Im Mittelpunkt des Filmes stehen mit John Freemont (Martin Shakar) und seiner hochschwangeren Frau Cathy (Gale Garnett, die zur Beruhigung auch schon mal eine Zigarette pafft; 1980 sah man das halt noch nicht so eng!) zwei unmittelbar Betroffene, wobei sie von Sheriff Billy Hart (Gil Rogers), der das gräßliche Szenario als einer der ersten durchschaut, Verstärkung erhalten. The Children nimmt sich durchwegs sehr ernst - nur selten blitzt ein klein wenig Humor auf - und trotz des einen oder anderen hanebüchenen Elements und so einigen schauspielerischen Defiziten bleibt der Film überraschend effektiv. Der ungemein starke Score, der die beunruhigende Wirkung des in Massachusetts gedrehten Streifens enorm verstärkt, stammt von Harry Manfredini und ähnelt seiner Arbeit in Friday the 13th, ist aber noch eine Spur besser. Und obwohl die Charakterisierung der Figuren eher dürftig ausgefallen ist, fiebert man ein wenig mit ihnen mit.
Das sich abspulende Drama wird generell ruhig und nüchtern erzählt; unnötige Actionszenen findet man hier ebenso wenig wie exzessiven Blutsturz.

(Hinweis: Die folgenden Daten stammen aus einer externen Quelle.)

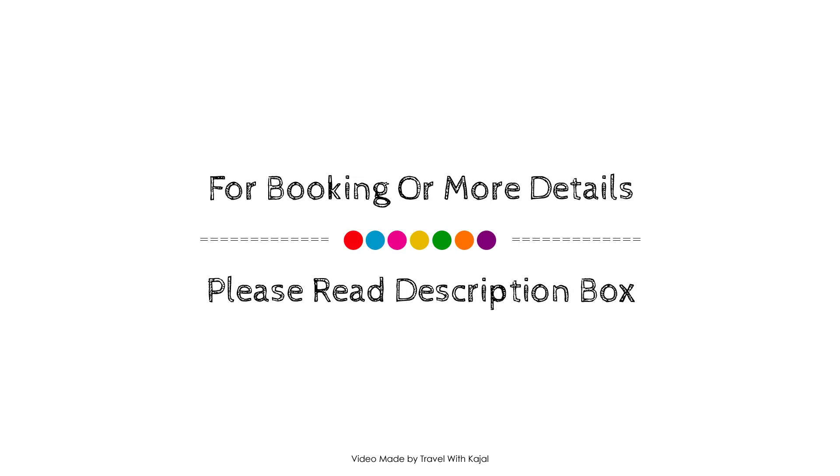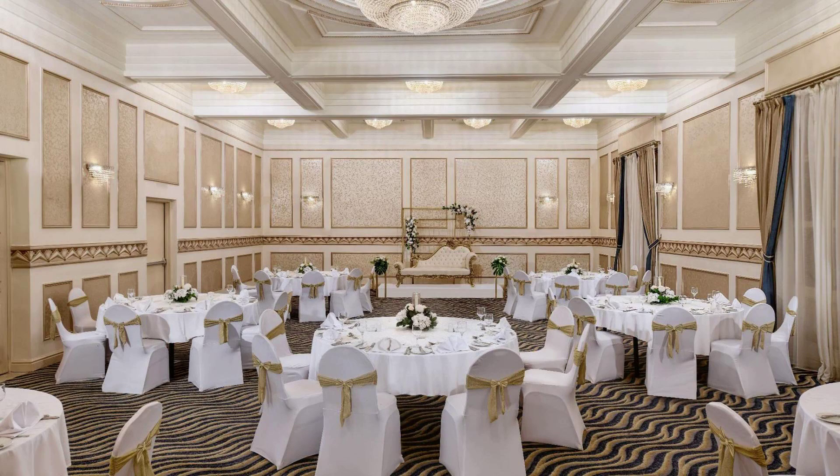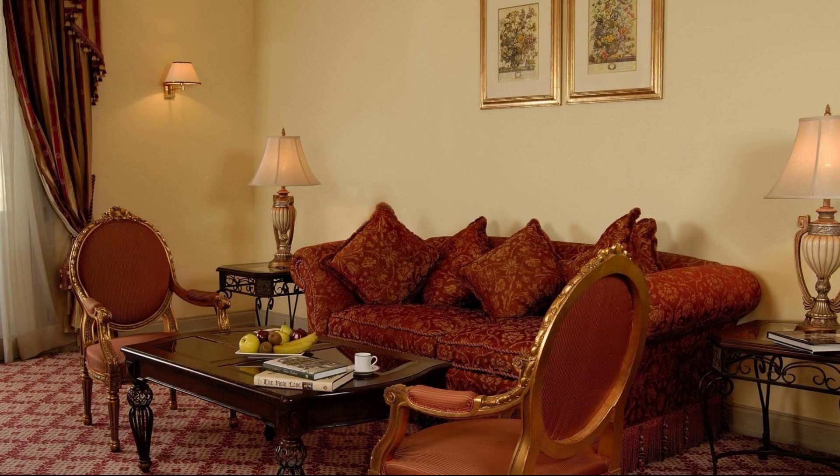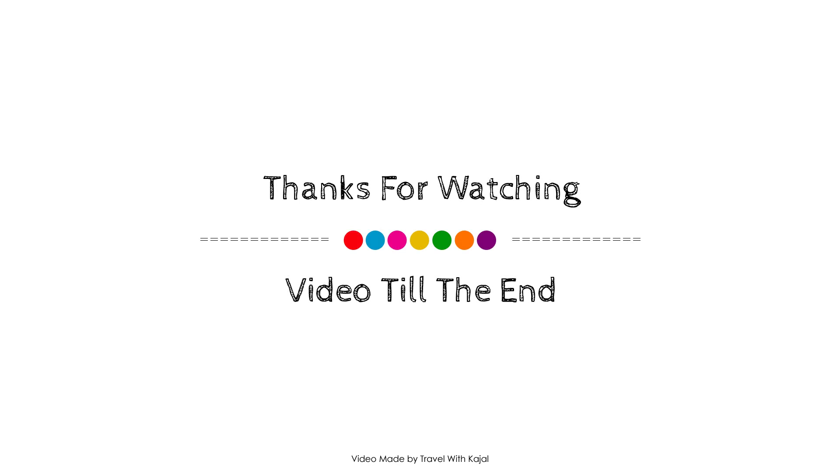Thank you for watching the entire video. We will meet again in a new video with our hotel. See you next time.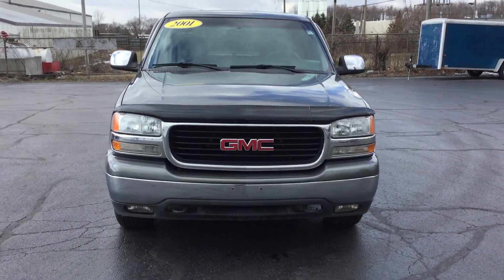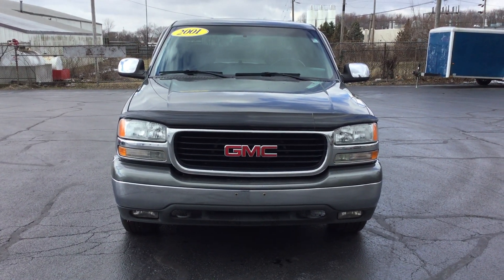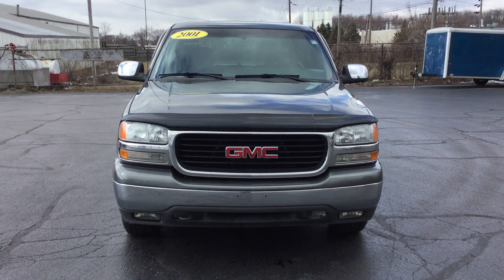Hello, this is Gunna Park with Ms. Trevor Lane, and I'm here to show you our pre-owned 2001 GMC Sierra 1500 SLT.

Die Stimmung ist unheimlich, hoffnungslos, fast schon nihilistisch, wobei der Film mit ein paar Überraschungen und einem (damals wohl noch nicht so vorhersehbaren) Schock-Ende punktet. Ob man dem Streifen das Etikett "Trash" umhängt und ihm unfreiwillige Komik unterstellt, hängt von jedem selbst ab. Ich kann mir schon vorstellen, daß viele den Film anläßlich einer feuchtfröhlichen Party zur Lachnummer degradieren und über die unblutigen Handamputationen ebenso lachen wie über die billigen Spezialeffekte. Ich tu's nicht. Tatsächlich halte ich The Children für sehr unterschätzt, da er trotz des geringen Budgets akzeptabel gemacht wurde und mehr Spannung und Intensität bietet als der Großteil seiner Konkurrenz aus den Achtziger-Jahren. Ein sehr respektables Stück Low-Budget-Horror-Kino also.
(*) Von der angesprochenen Sequenz ist in der deutschen Videofassung leider nicht mehr viel vorhanden. Daß der im Grunde unblutige Film hierzulande trotzdem massiv zensiert wurde, ist wohl darauf zurückzuführen, daß die Gewalt einerseits von Kindern ausgeht, andererseits aber auch gegen Kinder (bzw. zombieähnliche Wesen, die den Anschein erwecken, Kinder zu sein) gerichtet ist. Da kennen manche Institutionen kein Pardon.